• _REQUIRED WORK_
Please retype the records below exactly, omitting any images.

[Short descriptive text snippets]

★ ★ ★

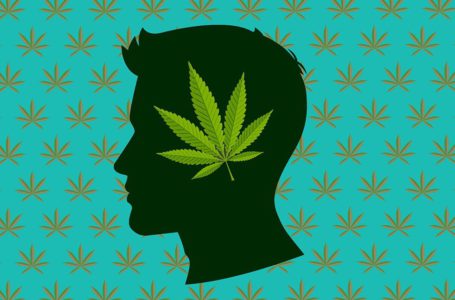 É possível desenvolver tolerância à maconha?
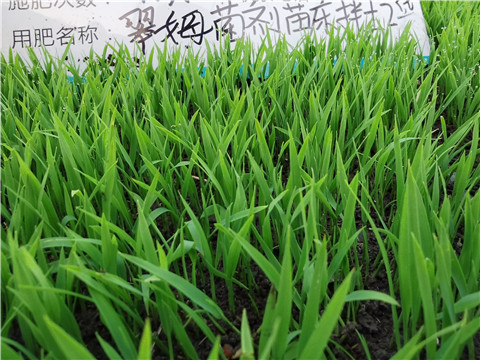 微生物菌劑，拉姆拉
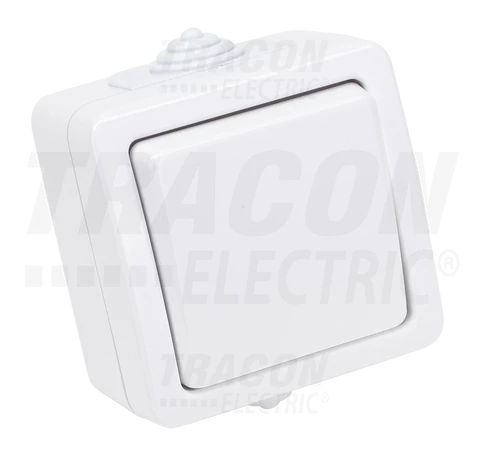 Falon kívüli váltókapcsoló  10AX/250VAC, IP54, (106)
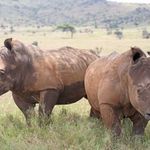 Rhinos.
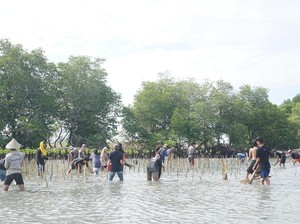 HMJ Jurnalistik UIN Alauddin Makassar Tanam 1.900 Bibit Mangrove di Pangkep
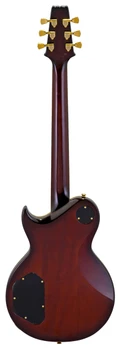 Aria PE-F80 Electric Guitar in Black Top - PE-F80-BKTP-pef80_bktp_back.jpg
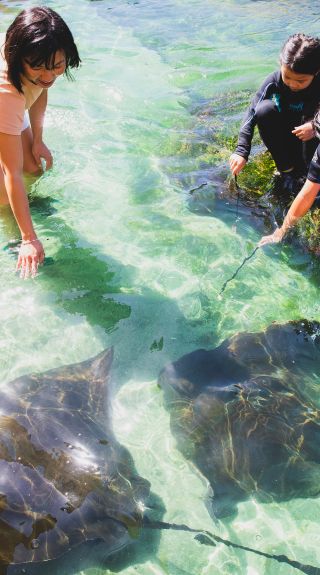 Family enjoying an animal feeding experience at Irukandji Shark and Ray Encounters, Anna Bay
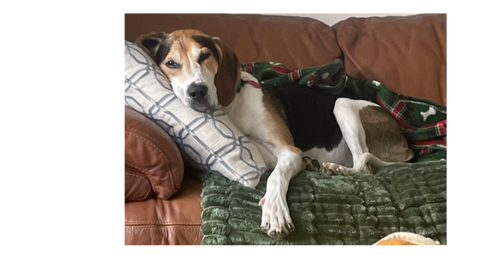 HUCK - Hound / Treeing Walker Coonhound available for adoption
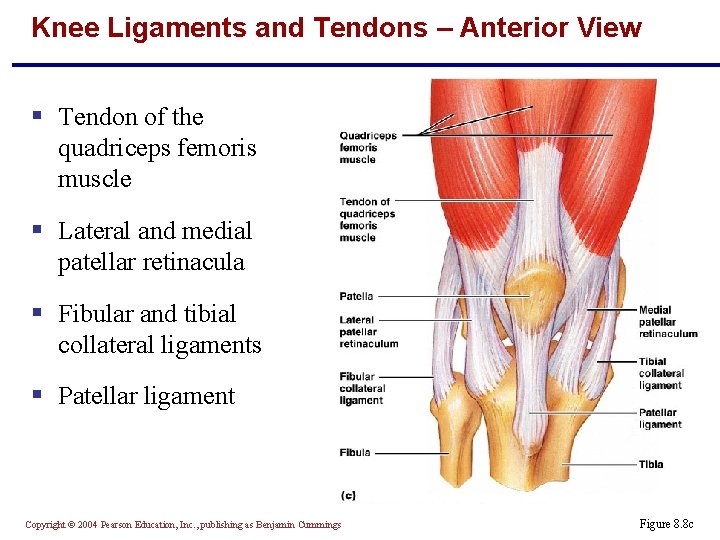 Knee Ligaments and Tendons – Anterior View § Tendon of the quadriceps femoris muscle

★ ★ ★

• _EXPECTED ANSWER_
 É possível desenvolver tolerância à maconha?
 微生物菌劑，拉姆拉
 Falon kívüli váltókapcsoló  10AX/250VAC, IP54, (106)
 Rhinos.
 HMJ Jurnalistik UIN Alauddin Makassar Tanam 1.900 Bibit Mangrove di Pangkep
 Aria PE-F80 Electric Guitar in Black Top - PE-F80-BKTP-pef80_bktp_back.jpg
 Family enjoying an animal feeding experience at Irukandji Shark and Ray Encounters, Anna Bay
 HUCK - Hound / Treeing Walker Coonhound available for adoption
 Knee Ligaments and Tendons – Anterior View § Tendon of the quadriceps femoris muscle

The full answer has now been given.